▶ What you should do
For the listing below, return the line containing "30 Patches Ultra", the line containing "Kozy Pressure Fit", and all lines in between, exactly as written and nothing else.

▶ Data supplied
══════════

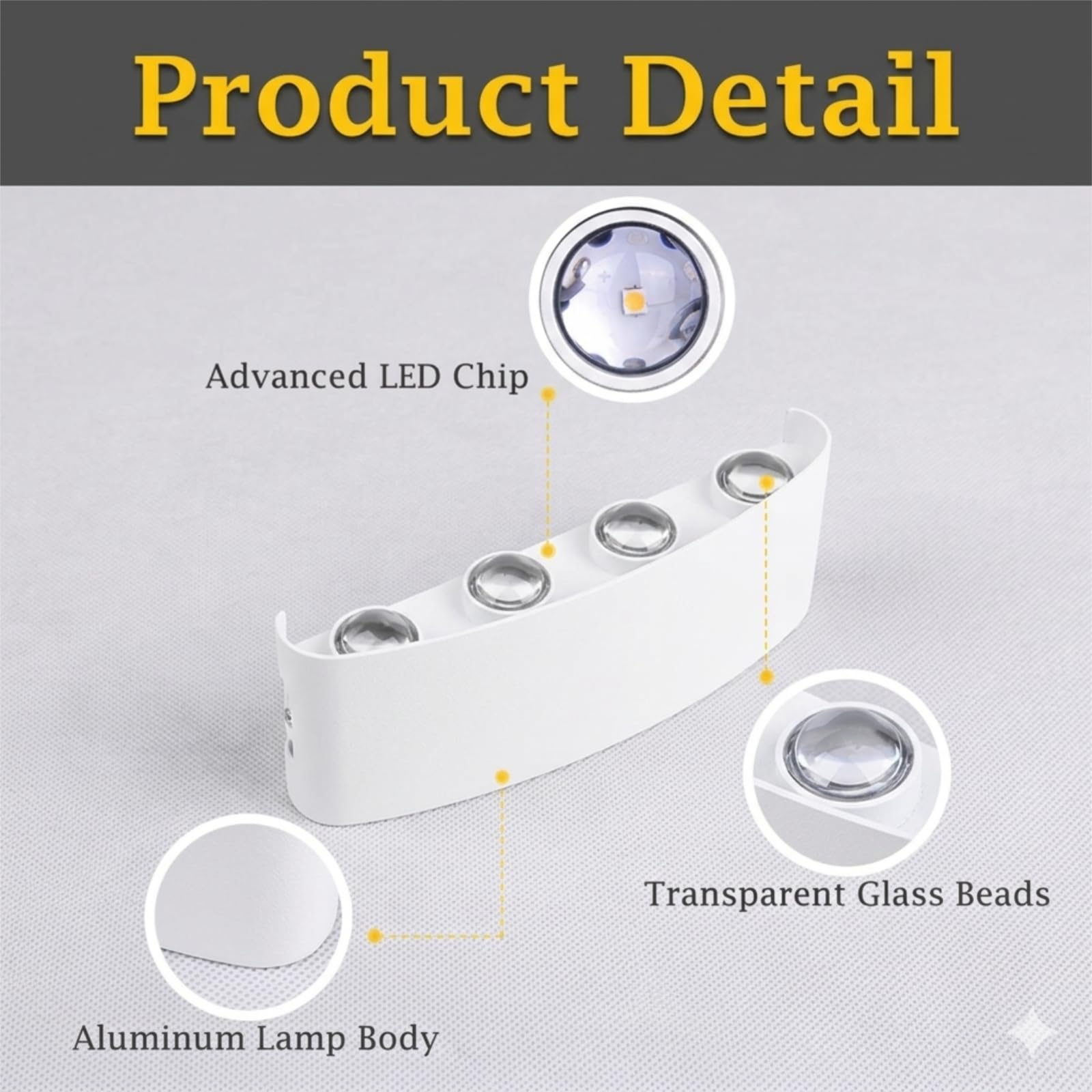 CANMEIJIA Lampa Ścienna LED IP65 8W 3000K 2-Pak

══════════

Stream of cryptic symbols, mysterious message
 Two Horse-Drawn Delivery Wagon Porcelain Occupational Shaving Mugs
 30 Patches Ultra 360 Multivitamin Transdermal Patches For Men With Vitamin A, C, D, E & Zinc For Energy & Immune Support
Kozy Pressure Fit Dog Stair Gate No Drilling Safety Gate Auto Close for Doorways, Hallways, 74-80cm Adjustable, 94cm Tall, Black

══════════

▶ Response to the exercise
 30 Patches Ultra 360 Multivitamin Transdermal Patches For Men With Vitamin A, C, D, E & Zinc For Energy & Immune Support
Kozy Pressure Fit Dog Stair Gate No Drilling Safety Gate Auto Close for Doorways, Hallways, 74-80cm Adjustable, 94cm Tall, Black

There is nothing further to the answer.